Task to carry out
In the data below, one line contains "Gelato fragola limone" and a later one contains "Custom home theatre". Print both, with every line between them, exactly and alone.

Data supplied
=== Begin Enclosure ===

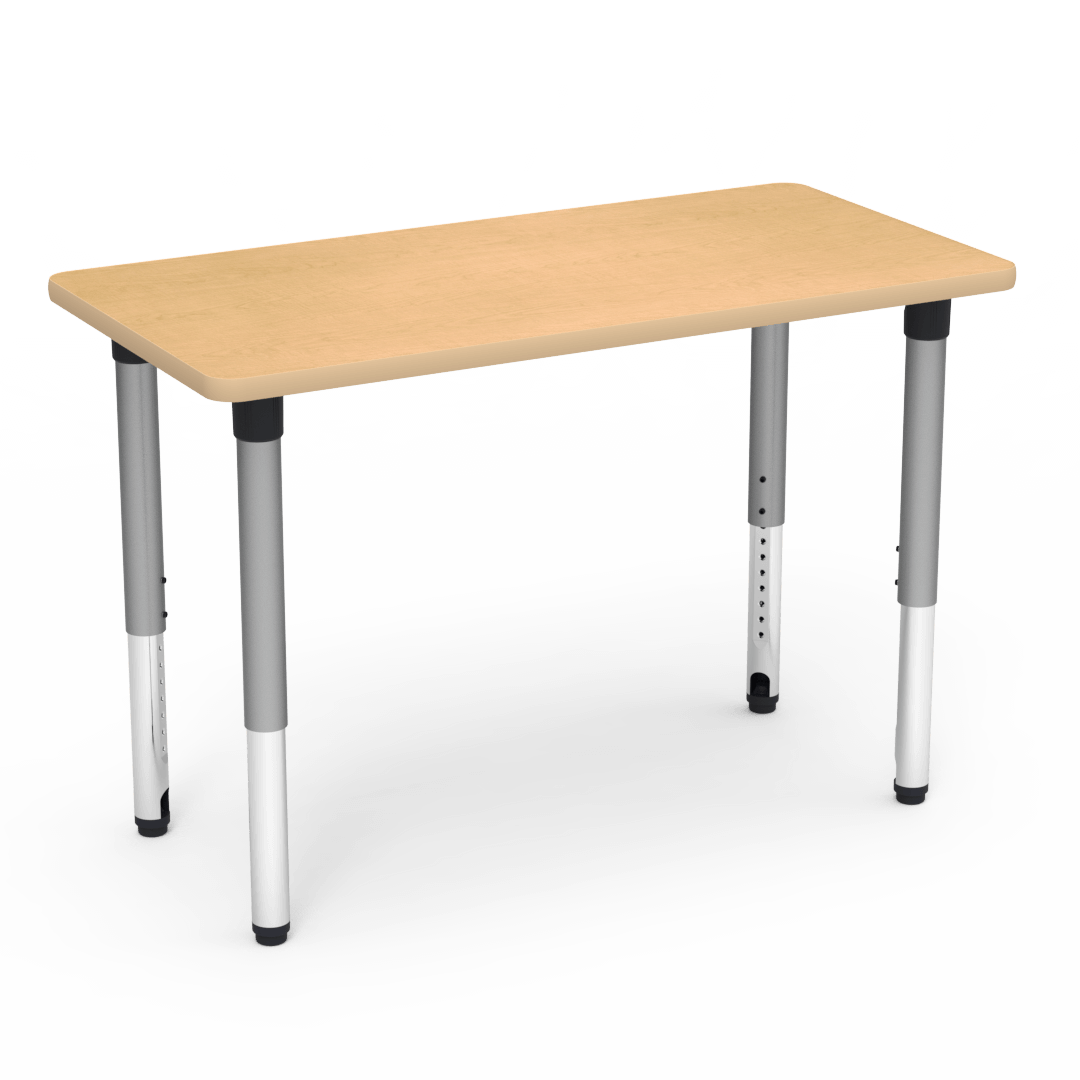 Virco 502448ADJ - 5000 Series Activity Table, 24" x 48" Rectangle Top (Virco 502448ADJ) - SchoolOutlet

=== End Enclosure ===
=== Begin Enclosure ===

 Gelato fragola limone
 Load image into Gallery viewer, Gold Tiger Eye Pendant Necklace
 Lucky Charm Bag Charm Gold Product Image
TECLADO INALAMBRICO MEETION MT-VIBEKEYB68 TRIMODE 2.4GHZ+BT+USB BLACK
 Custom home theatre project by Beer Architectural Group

=== End Enclosure ===
=== Begin Enclosure ===

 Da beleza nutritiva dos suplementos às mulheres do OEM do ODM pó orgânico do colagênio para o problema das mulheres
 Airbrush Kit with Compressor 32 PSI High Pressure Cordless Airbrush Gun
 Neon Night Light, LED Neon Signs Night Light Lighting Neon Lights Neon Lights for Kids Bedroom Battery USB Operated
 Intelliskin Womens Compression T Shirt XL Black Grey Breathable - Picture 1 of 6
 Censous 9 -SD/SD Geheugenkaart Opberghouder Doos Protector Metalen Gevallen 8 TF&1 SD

=== End Enclosure ===

Response below
 Gelato fragola limone
 Load image into Gallery viewer, Gold Tiger Eye Pendant Necklace
 Lucky Charm Bag Charm Gold Product Image
TECLADO INALAMBRICO MEETION MT-VIBEKEYB68 TRIMODE 2.4GHZ+BT+USB BLACK
 Custom home theatre project by Beer Architectural Group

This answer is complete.